Accueil ScènesConcerts Rencontres Musicales d’Evian #2 – Mantra de Stackhausen par Heisser et Neuburger et… l’orage !

Rencontres Musicales d’Evian #2 – Mantra de Stackhausen par Heisser et Neuburger et… l’orage !

par Victoria Okada

Deux concerts s’offrent le lundi 28 juin à la Grange au Lac. D’abord, à 17h30, Mantra de Karlheinz Stockhausen, composé entre 1969 et 1970. Un œuvre emblématique qui, à l’époque, nécessitait un dispositif électroacoustique très imposant.

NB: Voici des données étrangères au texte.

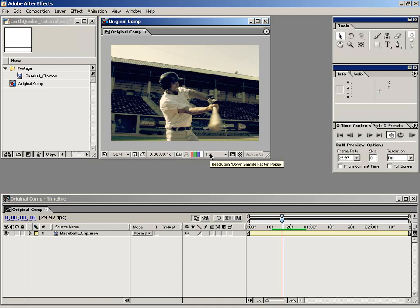Hi, Andrew Kramer here with VideoCopilot.net. In this tutorial, I'm going to show you how to add camera shake inside of After Effects.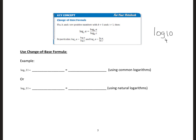For example, if I want to solve this using a regular calculator which is already in base 10, all I need to do is write logarithm to base 10 of 11 divided by logarithm to base 10 of 6. Doing this on the calculator gives 0.2632. On calculators like the TI-Nspire, you can actually input the base directly.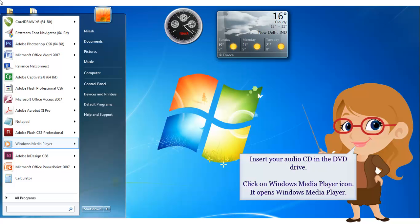Insert your audio CD in the DVD drive. Click on Windows Media Player icon. It opens Windows Media Player.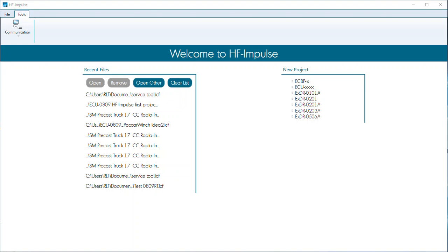The first thing that needs to happen is install CODISIS and HF Impulse on your computer. Unlike the other ECDRs — the 101, 201, 203, and 506 — the 809 actually uses CODISIS. The user will use the HF Impulse interface to create CODISIS code. So before the code can be created for the 0809, both CODISIS and HF Impulse need to be installed, including any device drivers.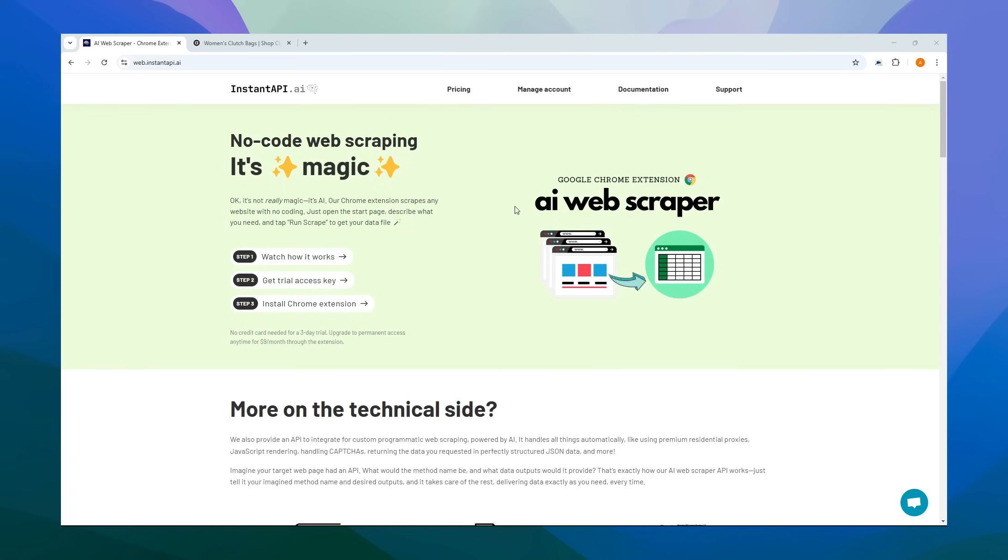To get started, head over to our homepage at instantapi.ai. You'll want to click the Step 2 button to get a trial access key. The access key is free and grants you unrestricted access to our service for three days. Afterward, you have the option to upgrade to a permanent access key whenever you wish.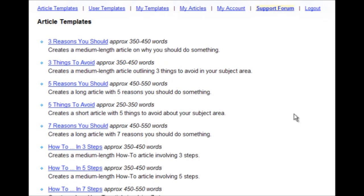This video is going to demonstrate Instant Article Factory, an incredible tool for creating quality articles in 5 minutes or less.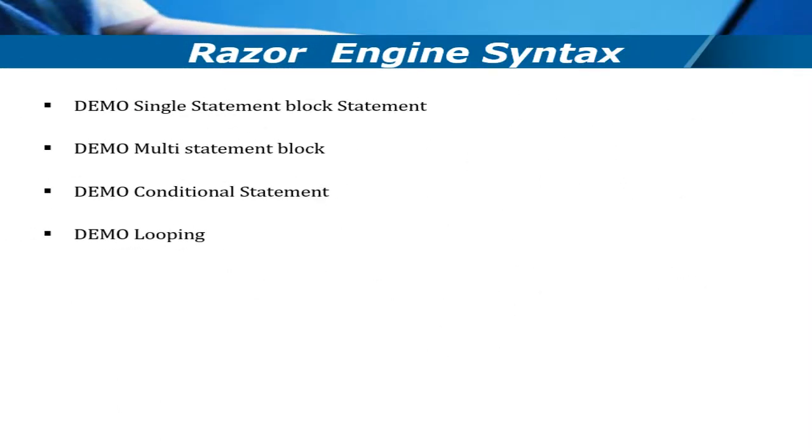Let's see some common Razor engine syntax. I'm going to cover single statement block, multi-statement block, conditional statement, as well as looping.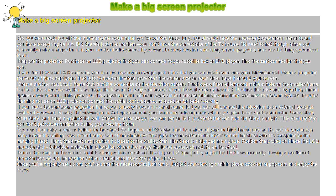Make a big screen projector. So, you've already bought that home theater system that you've wanted for so long.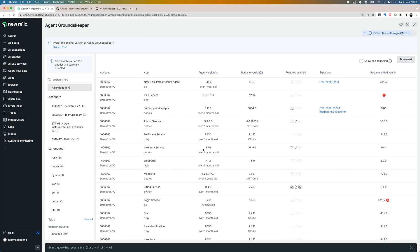I get a really good overview of all my applications, what version they're currently running on, and the recommended versions as well. For example, for my promo service I can see the current version that I have installed, 9.9, is over seven months old. It's recommending me to install the newest version 10.6.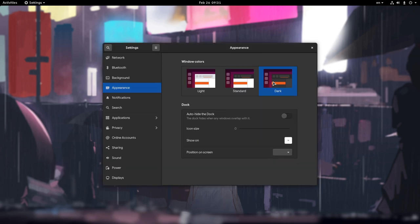Aside my previous critics to Ubuntu, I like what they did here, and I believe GNOME should do the same. Now if we had some accents colors to pick from, everything would be so much better!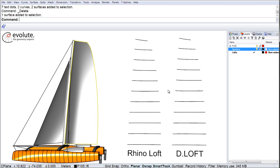First, we will use the Rhino native loft command, then our EvoluteTools D-Loft and compare the results.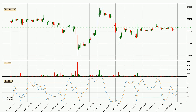Moving to the hourly stochastic RSI, there are no signs of the stochastic RSI being oversold or overbought at this time, but the %K line is over the %D line, which means the current trend is to the upside.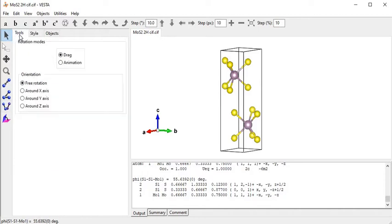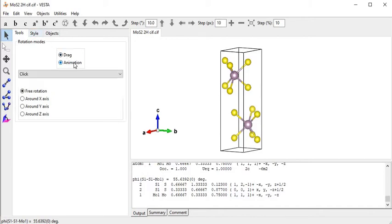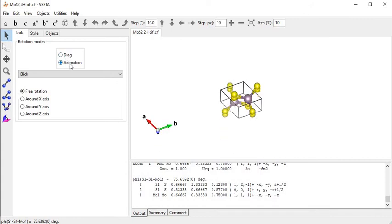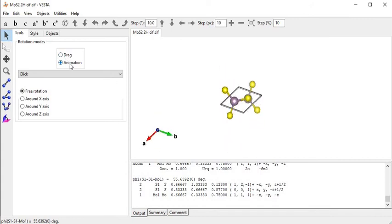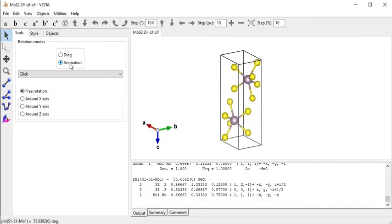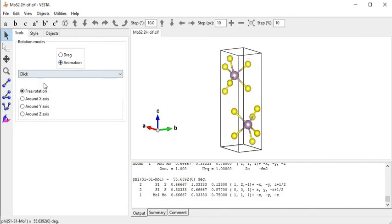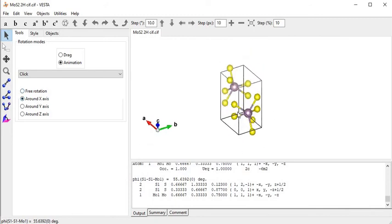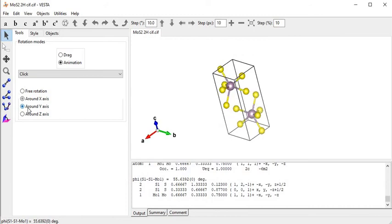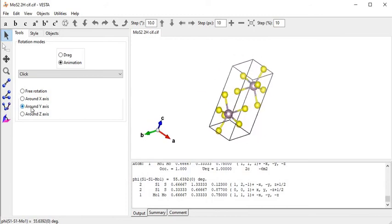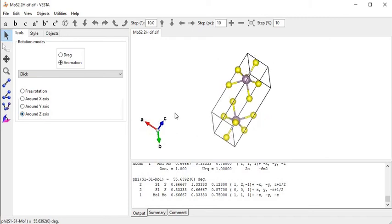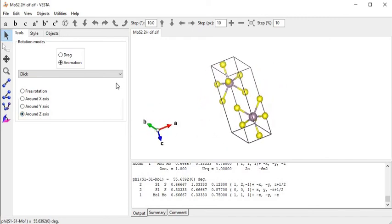Now coming to Tools. Under animation, as we click the animation part, the crystal is moving around one axis. If we click 'around x-axis' the crystal moves around the x-axis. If we click 'y' the crystal moves along the y-direction. Click on 'z' direction and the crystal moves along the z-direction.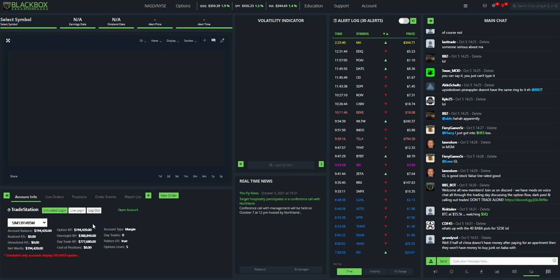Okay, I went ahead and done that. Now you can see you have simulated login and live login. For this, I'm not going to do live login because I would show my personal account information. For this demonstration, we'll just stay on simulated login.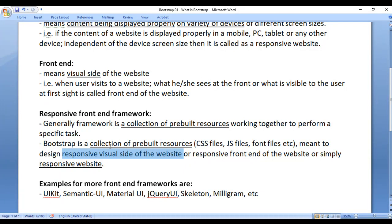Bootstrap is a collection of pre-built resources. In Bootstrap, you'll find CSS files, JavaScript files, font files, etc. They all work together and they help you to design responsive websites. If you learn Bootstrap, you can design responsive websites easily.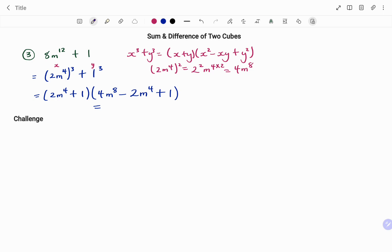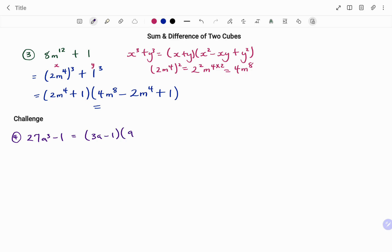Let's try this challenge question — you can pause the video to try it yourself: 27a³ − 1. If you work that out, your answer should be (3a − 1)(9a² + 3a + 1). Thanks for watching, bye!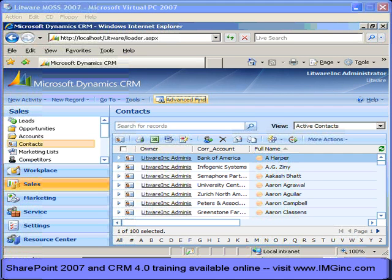Dynamics CRM 4.0 was released in December of 2007, and it has a lot of significant enhancements over the 3.0 version. One big area of improvement in particular is in a function called Advanced Find, which was available in 3.0 and was used to create custom views of the data in our CRM system.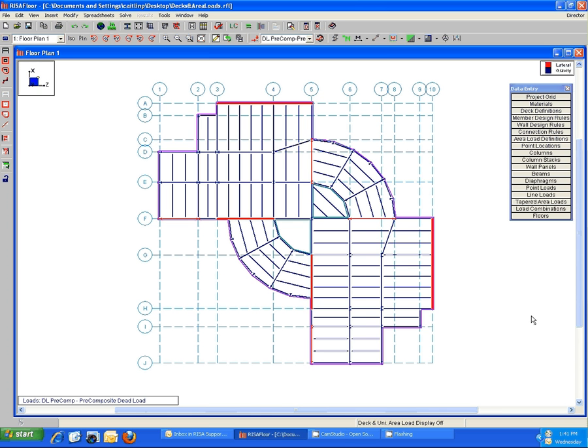The application process is a bit different, so it can be confusing, especially when you're starting out in RISA Floor. Knowing that, we just decided to go ahead and build this video since it's a quick and easy way to show you visually how the program is expecting you to apply your loads.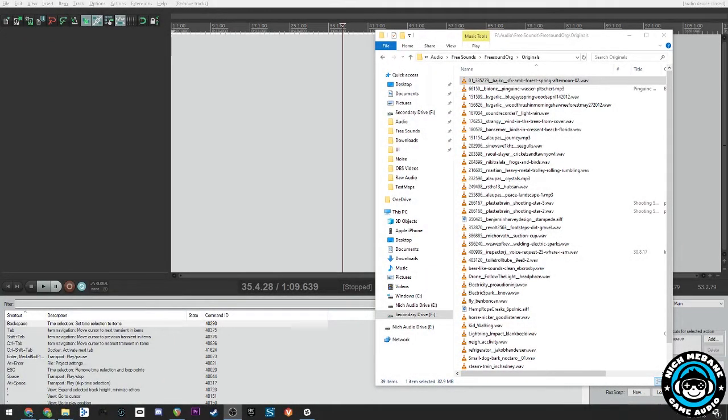Hi, this is Nick Meppen with a game audio tutorial on creating a seamless loop in Reaper.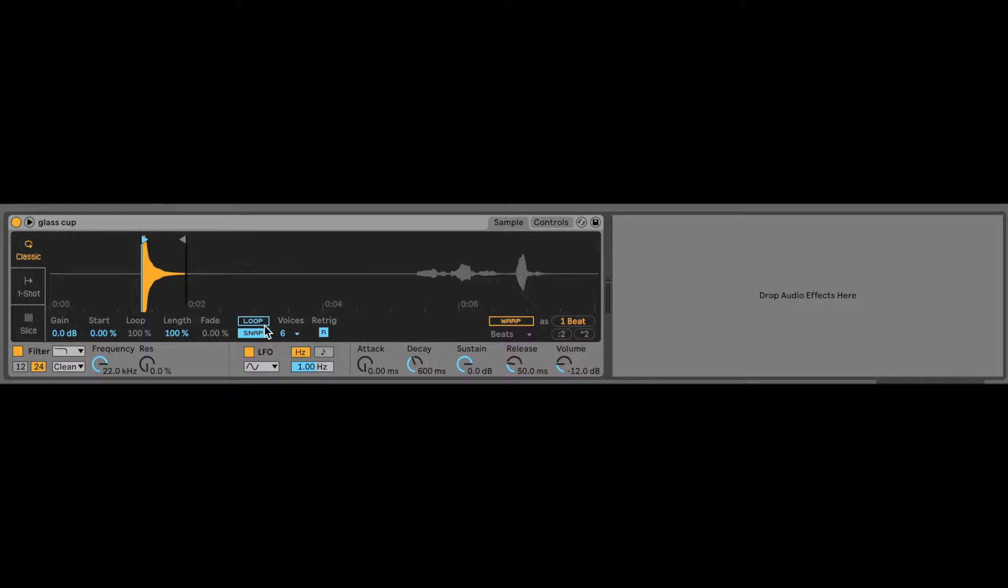Step one, select the loop button, okay? We're gonna select loop and we want to get something that will sustain so we can actually play like a synth.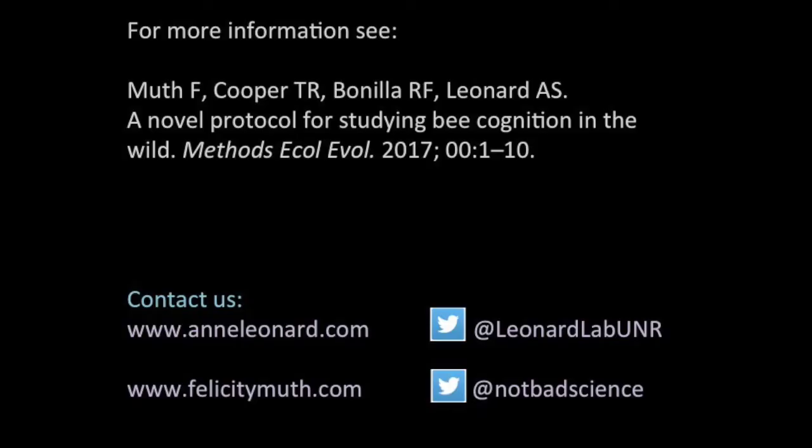To see more about this method for looking at learning in wild bees, please go and check out our paper in Methods in Ecology and Evolution. Thank you.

Si le dispositif est aujourd’hui facilement réalisable grâce au progrès informatique, la pièce n’en reste moins impressionnante, avec, en plus de deux pianos, un jeu de woodblock, de métallophone, de crotales. Au début du concert, à la Grange au Lac dans le cadre des Rencontres Musicales d’Evian, deux Jean-François Heisser et Jean-Frédéric Neuburger prennent successivement le micro pour une explication succincte sur la gestation du projet ainsi que le contexte de l’époque dans lequel l’œuvre fut créée.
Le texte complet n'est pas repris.